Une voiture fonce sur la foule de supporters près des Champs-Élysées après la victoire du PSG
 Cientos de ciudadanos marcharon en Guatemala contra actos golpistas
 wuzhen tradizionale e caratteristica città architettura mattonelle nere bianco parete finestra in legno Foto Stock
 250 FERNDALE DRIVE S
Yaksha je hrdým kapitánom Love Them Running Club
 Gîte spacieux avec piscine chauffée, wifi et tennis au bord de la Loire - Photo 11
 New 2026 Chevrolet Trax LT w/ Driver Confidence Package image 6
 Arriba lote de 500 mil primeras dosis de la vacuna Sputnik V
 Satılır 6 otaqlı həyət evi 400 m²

_TASK_.
Having located the line containing "Arriba lote de", set it down along with every line after it through the end of the data, reproducing each exactly.

_ANSWER TO THIS TASK_.
 Arriba lote de 500 mil primeras dosis de la vacuna Sputnik V
 Satılır 6 otaqlı həyət evi 400 m²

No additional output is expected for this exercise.